Beneath this instruction is a block of data; output from it exactly the lines that run from the one containing "Railway silo near the Fraser River" through the one containing "Foto principal - 212 Suffolk F", inclusive.

──────

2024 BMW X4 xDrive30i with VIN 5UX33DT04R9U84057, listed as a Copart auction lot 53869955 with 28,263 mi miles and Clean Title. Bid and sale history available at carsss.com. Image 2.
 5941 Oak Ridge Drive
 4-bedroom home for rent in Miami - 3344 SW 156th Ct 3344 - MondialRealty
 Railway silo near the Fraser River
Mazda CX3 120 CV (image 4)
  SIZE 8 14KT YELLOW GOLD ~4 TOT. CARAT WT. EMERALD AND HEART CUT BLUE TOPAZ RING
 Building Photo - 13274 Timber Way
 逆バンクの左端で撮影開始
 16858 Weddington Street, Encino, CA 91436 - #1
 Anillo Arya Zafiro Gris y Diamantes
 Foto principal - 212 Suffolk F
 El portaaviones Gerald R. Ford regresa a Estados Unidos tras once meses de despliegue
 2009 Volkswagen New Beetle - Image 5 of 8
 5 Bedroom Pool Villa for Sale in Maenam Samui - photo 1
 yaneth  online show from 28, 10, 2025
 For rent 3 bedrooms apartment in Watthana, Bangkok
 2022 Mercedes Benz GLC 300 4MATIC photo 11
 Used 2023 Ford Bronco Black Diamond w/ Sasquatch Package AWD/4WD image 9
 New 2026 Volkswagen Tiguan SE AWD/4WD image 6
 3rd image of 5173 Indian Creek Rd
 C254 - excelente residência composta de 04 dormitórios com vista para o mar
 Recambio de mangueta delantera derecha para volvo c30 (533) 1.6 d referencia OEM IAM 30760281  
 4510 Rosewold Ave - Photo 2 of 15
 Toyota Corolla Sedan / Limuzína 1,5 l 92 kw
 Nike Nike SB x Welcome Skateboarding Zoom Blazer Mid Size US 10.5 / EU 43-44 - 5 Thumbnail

──────

- _EXERCISE ANSWER_
 Railway silo near the Fraser River
Mazda CX3 120 CV (image 4)
  SIZE 8 14KT YELLOW GOLD ~4 TOT. CARAT WT. EMERALD AND HEART CUT BLUE TOPAZ RING
 Building Photo - 13274 Timber Way
 逆バンクの左端で撮影開始
 16858 Weddington Street, Encino, CA 91436 - #1
 Anillo Arya Zafiro Gris y Diamantes
 Foto principal - 212 Suffolk F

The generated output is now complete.